Vitor Sales disse...

"A psicanálise certamente não pretende "fazer o sujeito mudar sua resposta a um estímulo", como afirmou Izquierdo ao se referir à terapia cognitiva, entendida por ele como muito mais científica, e portanto, efetiva. De forma alguma. Os objetivos da terapia psicanalítica são outros e estariam muito mais próximos daquilo que leigamente chamamos de autoconhecimento. "

Mas a finalidade do autoconhecimento não é justamente fazer o sujeito mudar sua resposta a um estímulo? Como por exemplo se tornar uma pessoa mais equilibrada diante de certas situações? A psicanálise, por exemplo, quando pretende trabalhar para atenuar efeitos de uma experiência traumática não visa justamente fazer o sujeito mudar sua resposta a um estímulo?

Na verdade a falta de empirismo da psicanálise não é devido à sua natureza psicológica (behaviorismo é de natureza psicológica e ainda assim é empírico). Psicanálise não é empírica simplesmente pq se restringe exclusivamente a fazer suposições e interpretações arbitrárias, que não encontram qualquer validação experimental. É verdade que a metafísica precede a ciência, mas não é por conta disso que devemos acreditar em qualquer suposição ou construção teórica abstrata, muito menos adotá-la como ciência, sem haver a mínima possibilidade de verificação da validade destes conceitos e explicações.

Um exemplo de como a neurociência já supera a psicanálise é a utilização de neurofeedback. Através desse tipo de avaliação, o psicólogo é capaz de avaliar em tempo real as respostas que o paciente oferece na medida em que é exposto aos estímulos, e assim é possível fazer com que o cérebro do paciente gradativamente vá se acostumando e se moldando a determinados estímulos, diminuindo ou eliminando a aparição de respostas indesejadas (como nas lembranças de experiências traumáticas, por exemplo). Se o mesmo paciente fosse realizar, ao invés de neurofeedback, um tratamento psicanalítico, ele passaria anos a fio discutindo e especulando abstrações sobre os motivos que o levam a ter certas respostas a determinados estímulos relacionados àquela experiência traumática, sem no entanto obter muitos avanços nesse sentido.

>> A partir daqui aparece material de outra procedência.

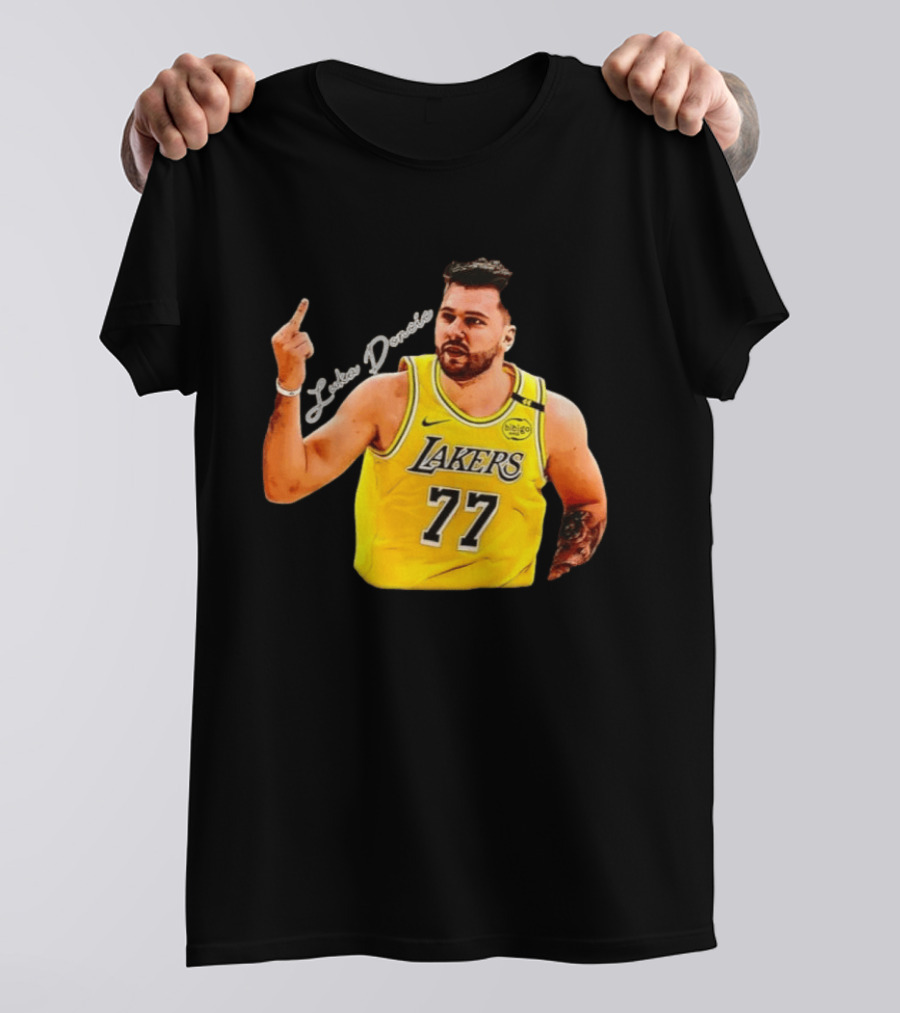 Luka Doncic Lakers 77 Middle Finger Gesture Nike Basketball Jersey T-Shirt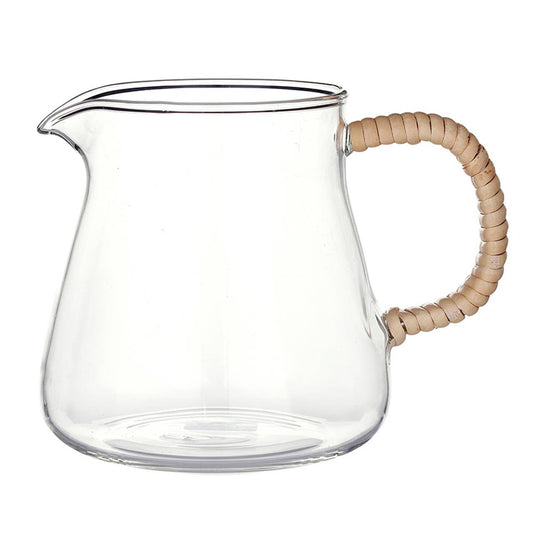 Rattan Handle Pitcher Short With Natural Wraps For Festive Indoor Outdoor Use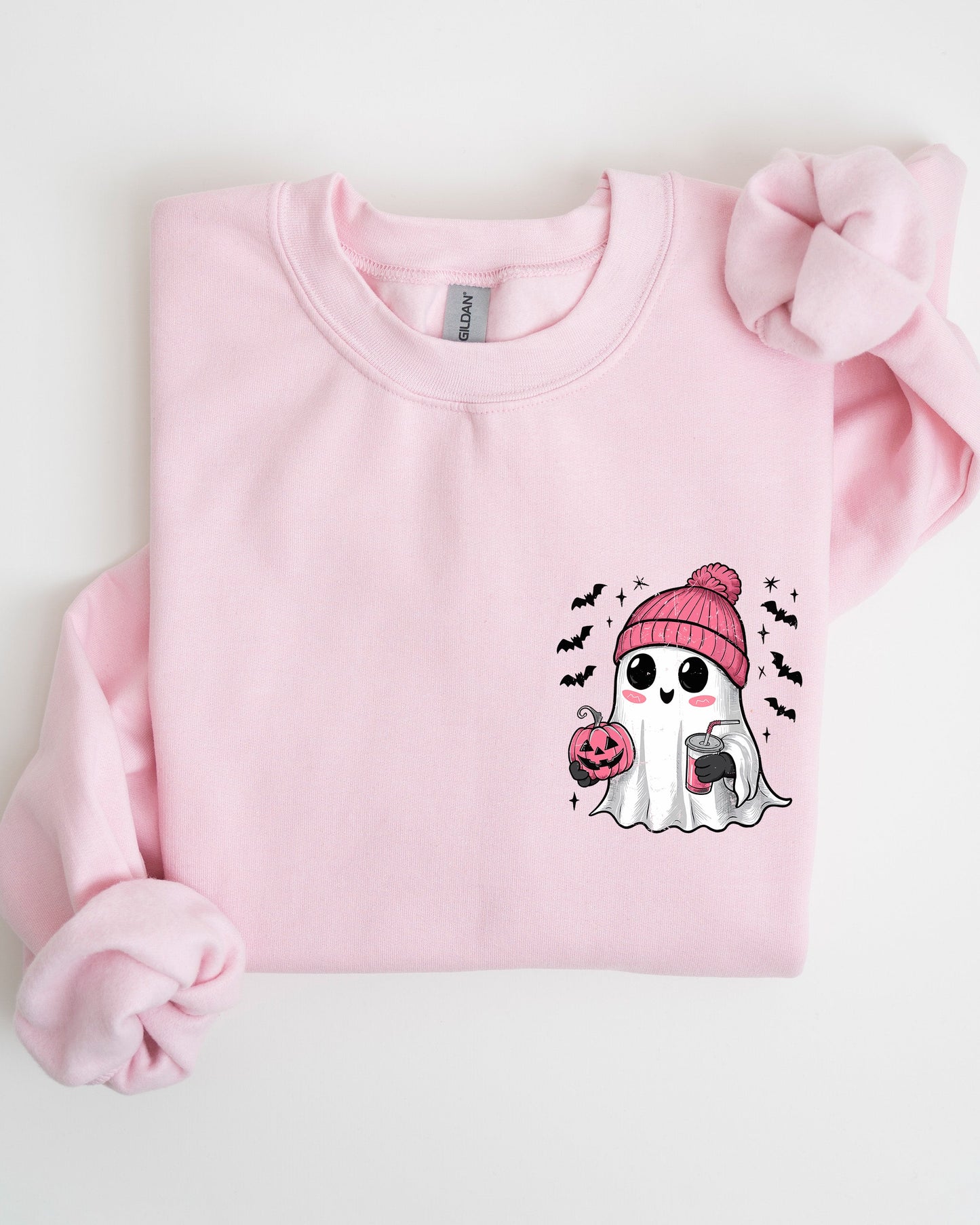 Cute Pink Ghost Pocket Print Halloween Coffee Bats Sweatshirt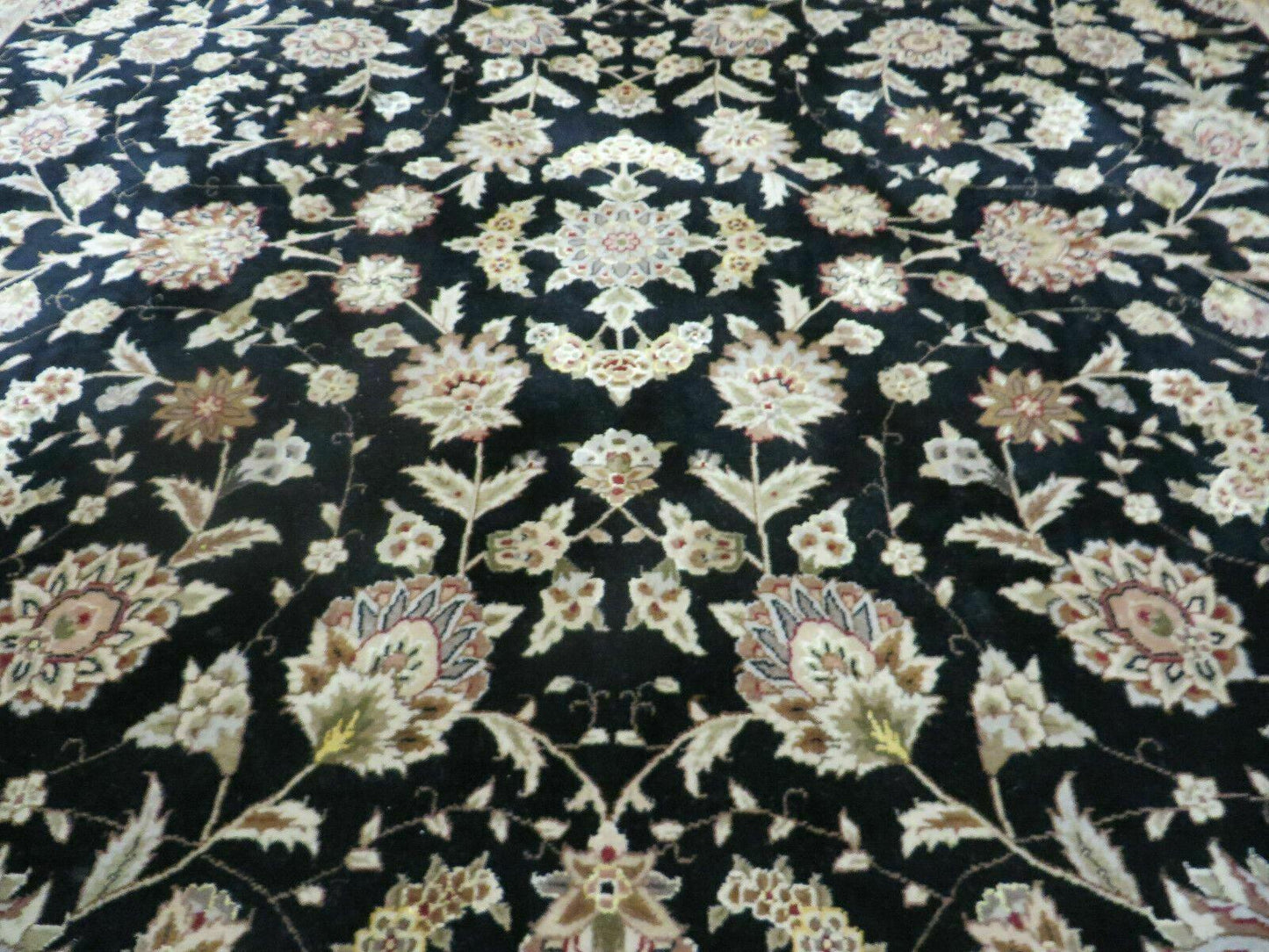 Vintage Chinese Silk Wool Rug Hand Knotted Oriental Floral 9 By 12 Feet With Silk Highlights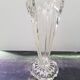 Old art deco vase transparent molded glass vintage decoration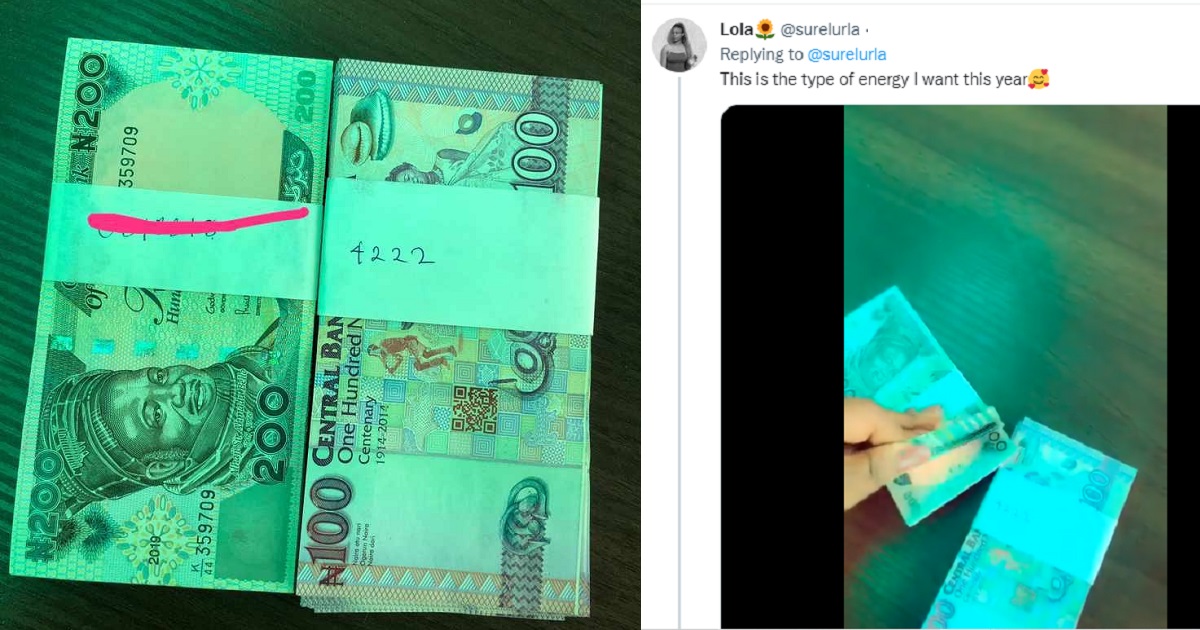 Nigerian lady shows off bundles of Naira notes a Nigerian man wrote his number on and sent to her after she refused to give him her number (Video)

Dito isto, não sou da opinião que a psicologia devesse se abster totalmente de discutir sobre questões puramente mentais e abstratas. A discussão é válida. No entanto, a psicanálise não apenas se propõe a discutir neste âmbito, mas cria verdadeiros fantasmas, entidades e estruturas mentais a partir de abstrações, e o pior, utiliza desses fantasmas de forma pragmática e dogmática, para categorizar todo espectro do comportamento humano nos termos que ela própria inventou arbitrariamente, numa "ânsia totalizante e reducionista" de explicar a mente humana.